Changes

gillesc92 · 40d324ad
--- a/2.-Statistics/Log-Likelihood.md
+++ b/2.-Statistics/Log-Likelihood.md
+## Log-Likelihood: Definition, Calculation, and Use in Models
+### What is Log-Likelihood?
+**Log-Likelihood** is a measure of how well a statistical model fits a set of observations. It is based on the likelihood function, which represents the probability of the observed data given the parameters of the model. The Log-Likelihood is the natural logarithm of the likelihood function and is used in **Maximum Likelihood Estimation (MLE)** to find the model parameters that best fit the data.
+A higher Log-Likelihood value indicates a better fit, while a lower Log-Likelihood suggests the model does not explain the data well.
+### How is Log-Likelihood Calculated?
+The Log-Likelihood is calculated as:
+$$
+\ell(\theta) = \ln(L(\theta)) = \sum_{i=1}^{n} \ln(f(y_i | \theta))
+$$
+Where:
+- **$\ell(\theta)$** is the Log-Likelihood function,
+- **$L(\theta)$** is the likelihood function,
+- **$f(y_i | \theta)$** is the probability density or mass function for the observed data point $y_i$ given model parameters $\theta$,
+- **$n$** is the number of observations.
+### Interpreting Log-Likelihood
+- **Higher Log-Likelihood**: Indicates a better model fit.
+- **Lower Log-Likelihood**: Suggests the model does not explain the data well.
+However, Log-Likelihood values should not be compared across different datasets or models with different numbers of parameters. For model comparison, additional metrics like **AIC** and **BIC** are necessary.
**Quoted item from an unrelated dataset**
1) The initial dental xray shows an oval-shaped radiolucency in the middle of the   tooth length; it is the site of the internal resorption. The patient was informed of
+### Common Use Cases: Log-Likelihood
+#### 1. **Model Fitting in Maximum Likelihood Estimation (MLE)**
+Log-Likelihood is the cornerstone of **Maximum Likelihood Estimation (MLE)**, where the goal is to find the parameter values that maximize the Log-Likelihood, yielding the best-fitting model.
+##### Example: Logistic Regression Model
+You might use Log-Likelihood to fit a logistic regression model that predicts the probability of species survival based on environmental factors. The regression coefficients that maximize the Log-Likelihood provide the best-fitting model for this data.
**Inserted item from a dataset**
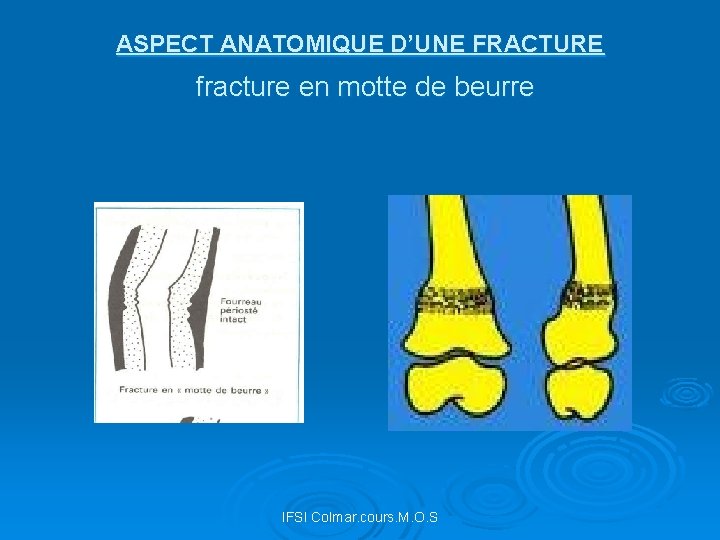 ASPECT ANATOMIQUE D’UNE FRACTURE fracture en motte de beurre IFSI Colmar. cours. M. O.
+#### 2. **Generalized Linear Models (GLMs)**
+In GLMs, the Log-Likelihood helps estimate model parameters that best describe the relationship between independent variables and a dependent variable.
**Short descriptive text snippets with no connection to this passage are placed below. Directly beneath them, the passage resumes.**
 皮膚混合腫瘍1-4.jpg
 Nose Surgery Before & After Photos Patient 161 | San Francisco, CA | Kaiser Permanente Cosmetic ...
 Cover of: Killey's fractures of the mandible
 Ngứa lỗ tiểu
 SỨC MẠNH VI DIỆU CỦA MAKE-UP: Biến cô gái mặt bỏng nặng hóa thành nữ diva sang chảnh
+##### Example: Modeling Species Abundance
+When using Poisson regression to model species abundance based on environmental factors, maximizing the Log-Likelihood ensures the model fits the data as well as possible.
+#### 3. **Model Comparison**
+Log-Likelihood values are used to compare nested models (where one model is a simpler version of another). A **likelihood ratio test** evaluates whether the more complex model significantly improves the fit to the data.
+### Issues with Log-Likelihood
+#### 1. **Overfitting**
+Maximizing Log-Likelihood alone can lead to **overfitting**, where the model fits the training data well but generalizes poorly to new data. This can happen if too many parameters are added to the model.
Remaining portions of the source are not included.